Classification society American Bureau of Shipping (ABS) has released a new report highlighting the potential of nuclear technology in the maritime industry through a study of a small modular reactor (SMR) on a standard LNG carrier.
Image credit: ABS/Herbert Engineering
The study modeled by ABS and Herbert Engineering Corporation (HEC) looks into the transformational impact of a high-temperature, gas-cooled reactor (HTGR) on the design, operation, and emissions of a 145,000 cubic meter (cbm) LNG carrier design.
Designed to help the industry gain better insight into the feasibility and safety implications of nuclear propulsion and to support future development projects, the study aims to provide information on heat and energy management, shielding, weight distribution, and other design features for an LNG carrier with nuclear propulsion.
Identifying design issues that will inform future rules development was also one of the goals of this study.
According to ABS, the study found that the HTGR technology allowed faster transit speeds and offered zero-emission operations without the requirement to refuel.

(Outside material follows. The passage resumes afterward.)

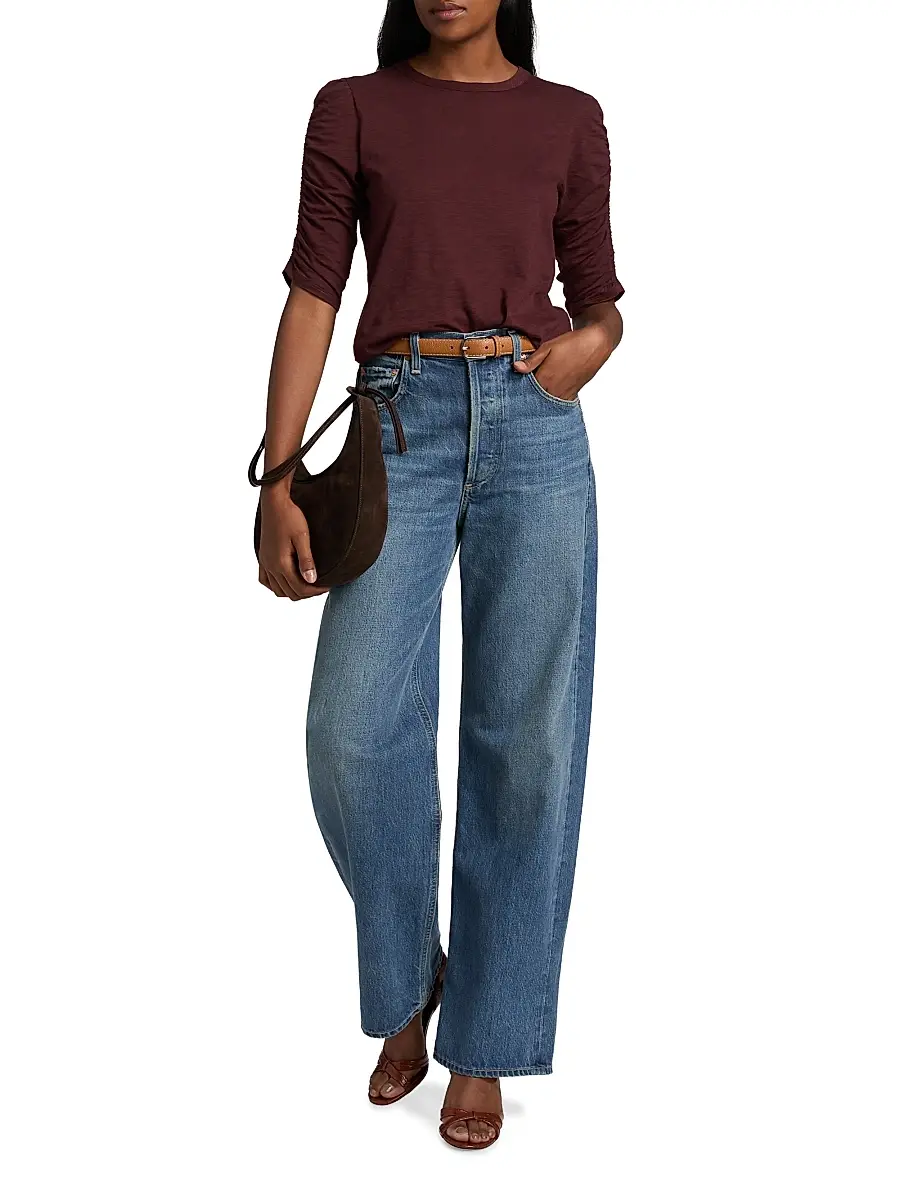 Veronica Beard Women's Waldorf Ruched-Sleeve Cotton Tee | Thumbnail 2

However, the HTGR technology would need replacing approximately every six years.
It showed that a nuclear-propelled LNG carrier would have specific design features, with reactors placed at the rear of the vessel and batteries forward of the location occupied by fuel tanks on current vessels and a reinforced hull. Given design constraints, the HTGR technology would only be suitable for larger LNG carriers, ABS explained.
“While this technology is well understood on land, adapting it for marine application is in its infancy. However, this study and the other research we have carried out clearly highlight its significant potential to address not only shipping’s emissions challenge but to deliver a range of other operational advantages to the industry. ABS is committed to helping the industry evaluate its suitability for use in a range of use cases and LNG carriers is just one of a range of potential applications we are exploring,” said Patrick Ryan, ABS Senior Vice President and Chief Technology Officer.
Earlier this month, ABS launched what is said to be the industry’s first comprehensive rules for floating nuclear power plants at a forum for nuclear industry leaders held jointly with Idaho National Laboratory (INL) at ABS’ headquarters in Texas.
Together with HEC, the classification society also published a detailed study modeling the design, operation, and emissions of a floating nuclear power plant.
In 2023, HEC and ABS presented a study on nuclear propulsion’s impact on the design, operation, and emission profile of two ship types, a 14,000 TEU container vessel, and a 157,000 DWT Suezmax tanker.
This study found that the adoption of advanced nuclear reactors onboard a 14,000 TEU containership would basically eliminate the need for refueling of the vessel during its entire 25-year lifespan.
On the Suezmax vessel, the study found the addition of four, 5MW, heat-pipe microreactors, while decreasing cargo capacity, would raise operational speeds and only require refueling once during its 25-year life. Both concept vessels would emit zero CO2.
ABS’ other endeavors in the nuclear propulsion segment include a partnership with Korea Research Institute of Ships and Ocean Engineering (KRISO) to advance commercial SMR-powered ships and floating SMR power generation platforms.